Standard CMS approach

  • – Install the system
  • – Check a test page
  • – Understand the templating system, and write the modifications you need / Write a custom theme
  • – Adapt an existing style to what you need

LCS

  • – Install the system
  • – Create an HTML/CSS/javascript template from scratch
  • – Replace the hard-coded text by LCS Calls

So unlike common CMS this approach does not need any knowledge of the system to start a website.

LCS Installation

The installation is pretty straightforward : decompress the archive on your computer, upload the files to your server, and call the /admin page. One setup page later, you should be done with the installation.

There is no database, every data is stored in the “content” folder. For security reason, you may want to more this folder out of the http rootdoc. It is possible directly from the setup page, or by changing the path in consts.inc.php.

5 thoughts on “LightWeight Content System (LCS)

  1. Sympa 🙂

    What I see is that a traditional CMS pretty much never asks you to code your pages, the whole admin panel has everything needed for it, including the style customization.

    With LCS, you get a library, an API, in order to code your pages. It’s a CMS for programmers.

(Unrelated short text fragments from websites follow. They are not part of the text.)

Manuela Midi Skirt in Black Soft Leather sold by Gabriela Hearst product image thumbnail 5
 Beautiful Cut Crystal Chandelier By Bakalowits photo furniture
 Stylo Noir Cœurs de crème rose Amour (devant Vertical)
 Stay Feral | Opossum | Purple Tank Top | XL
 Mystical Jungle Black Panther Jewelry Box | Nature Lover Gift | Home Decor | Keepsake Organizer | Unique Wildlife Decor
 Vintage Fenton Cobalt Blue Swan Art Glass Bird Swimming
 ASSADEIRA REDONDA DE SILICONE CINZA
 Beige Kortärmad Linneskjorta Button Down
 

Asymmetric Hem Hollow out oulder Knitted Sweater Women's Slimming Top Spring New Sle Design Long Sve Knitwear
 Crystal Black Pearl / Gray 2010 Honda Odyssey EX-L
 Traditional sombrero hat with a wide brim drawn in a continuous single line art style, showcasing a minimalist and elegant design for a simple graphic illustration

    Well, that said, I just read the article and didn’t test LCS, so I don’t really know if LCS does also provide more classical ways to build your website without actually coding in php/html.

    Sinon ça va la vie ? 🙂

  2. Hi Droune

    I’m indeed behind LCS. However, I slightly disagree: it’s definitely easier for programmers, but the main idea is to let the user create his website with only little knowledge of the system. (the API help should be enough).

    I tried several CMS, and there are plenty of really cool features, but everytime I had to understand at least the theming system to be able to achieve what I wanted.

    With LCS, you start with your simple HTML/css model (maybe I’m the only one doing this, but I always start a new website project with a simple html page to see how it’ll look), then replace what you want to dynamize with LCS calls.

    Anyway, thanks for the feedbacks:-)

  3. I should give it a try, because:

    1 – I code my html pages with notepad directly in html/php with a css file
    2 – I don’t like Databases
    3 – I don’t want to install an enormous when I just want a few dynamic pages.

  4. This is precisely why I wrote LCS. Particularly for small to medium sites, I didn’t feel like installing a big CMS. And I guess most of programmers have the same approach (notepad + simple model).
    If ever you try it, don’t hesitate to post your feedbacks. LCS isn’t perfect, however I’d like to improve it, and another point of view won’t hurt.